*** Opening Records for this exercise ***

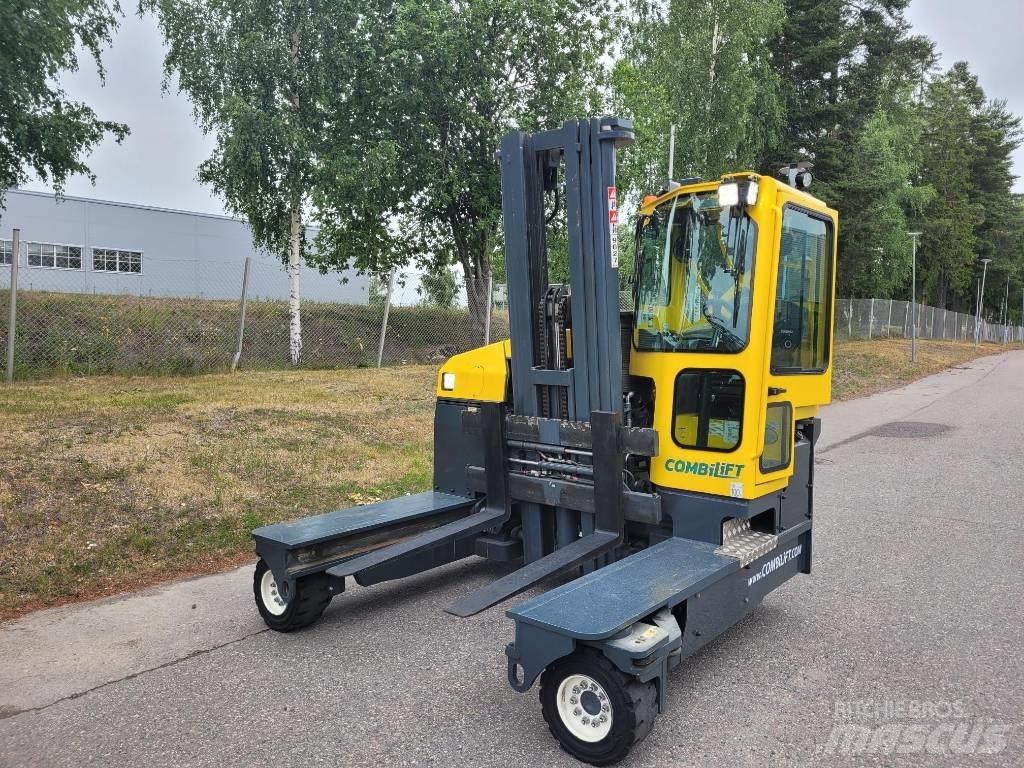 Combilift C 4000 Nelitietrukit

*** Closing Records for this exercise ***
*** Opening Records for this exercise ***

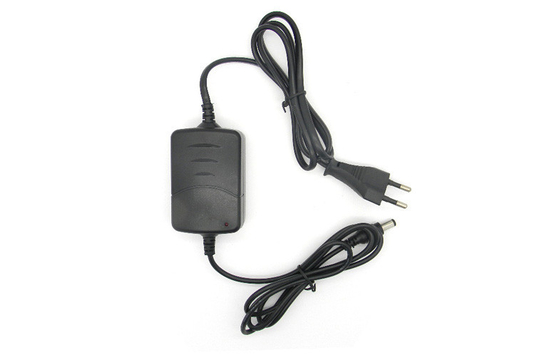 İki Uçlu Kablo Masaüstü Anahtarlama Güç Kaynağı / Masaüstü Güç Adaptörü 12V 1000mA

*** Closing Records for this exercise ***
*** Opening Records for this exercise ***

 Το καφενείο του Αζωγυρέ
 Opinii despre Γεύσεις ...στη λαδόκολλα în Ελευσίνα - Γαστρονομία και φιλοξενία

*** Closing Records for this exercise ***

— Aim of the task —
In the listing above, find the line holding "Το καφενείο του Αζωγυρέ" and the line holding "Opinii despre Γεύσεις", then output those two lines and every line between them exactly.

— Answer to this problem —
 Το καφενείο του Αζωγυρέ
 Opinii despre Γεύσεις ...στη λαδόκολλα în Ελευσίνα - Γαστρονομία και φιλοξενία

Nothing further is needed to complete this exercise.